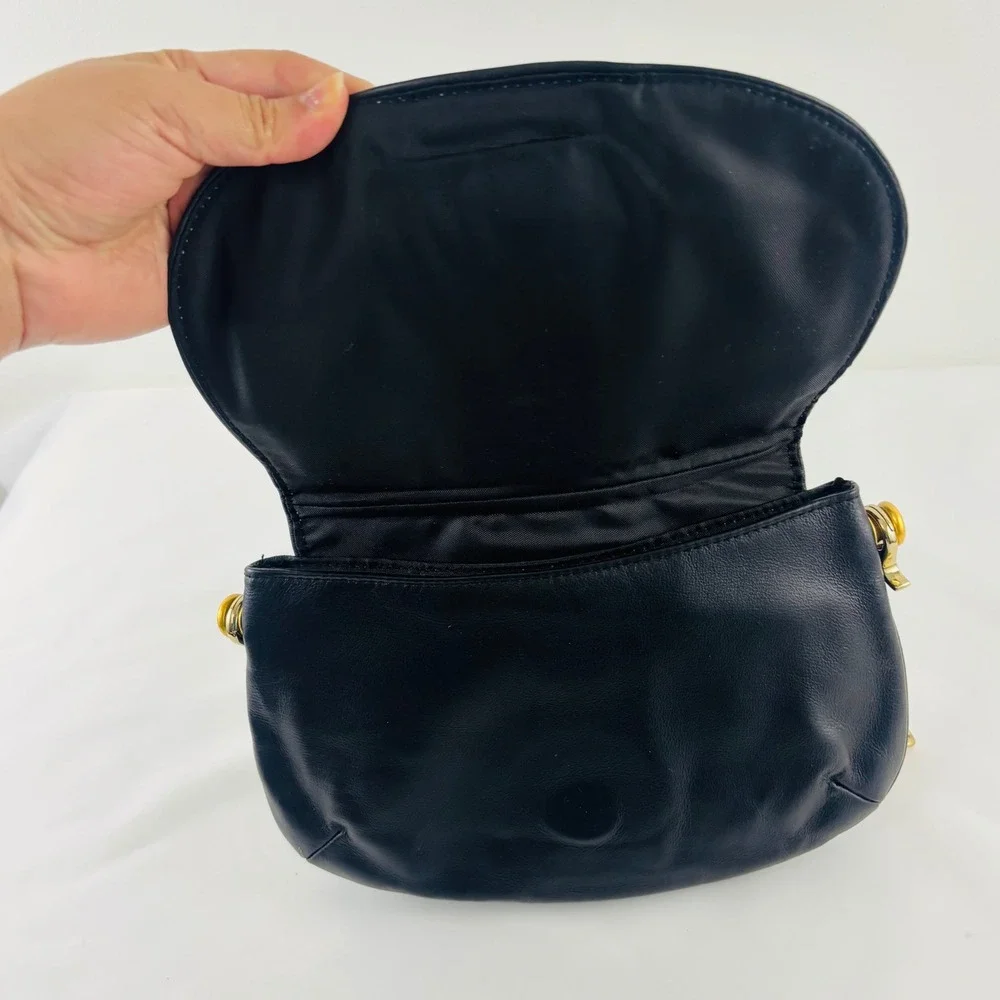 Wilsons Leather Black Leather Bag Shoulder or Clutch Gold Chain Rhinestone Crown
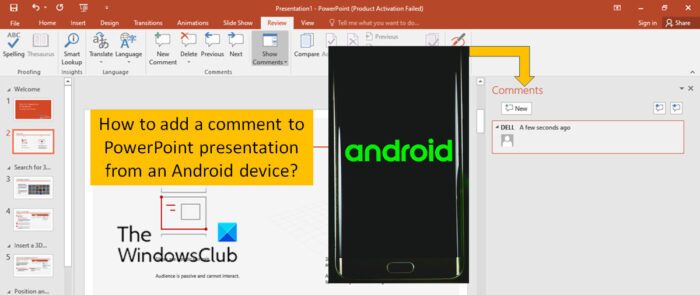 Add comments in a PowerPoint from Android device
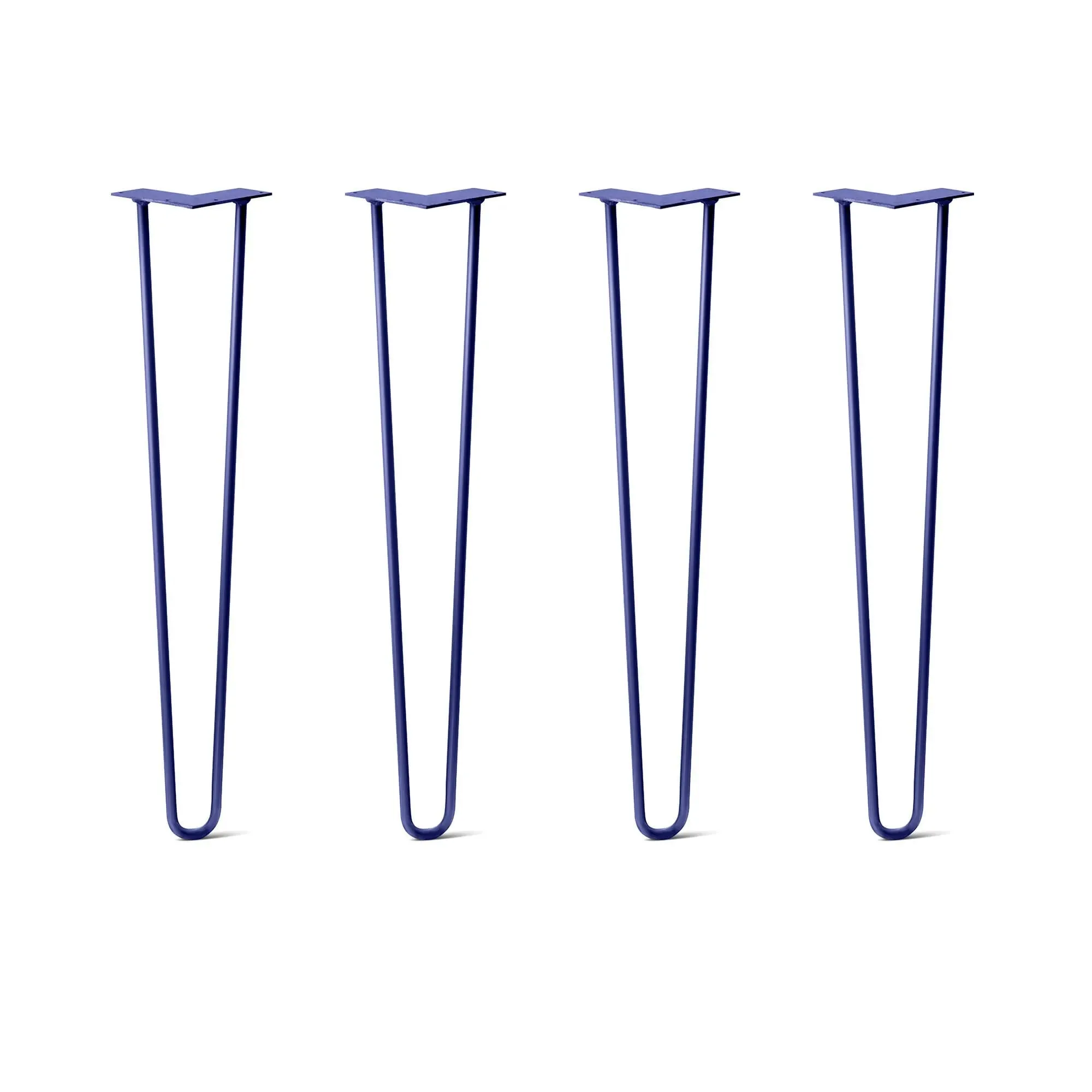 Hairpin Legs Set of 4, 2-Rod Design - Midnight Blue (Navy) Powder Coated Finish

- - - -

▸ What you have to do: All of the data is to be returned exactly, with no pictures included.

▸ Task response:
 Wilsons Leather Black Leather Bag Shoulder or Clutch Gold Chain Rhinestone Crown
 Add comments in a PowerPoint from Android device
 Hairpin Legs Set of 4, 2-Rod Design - Midnight Blue (Navy) Powder Coated Finish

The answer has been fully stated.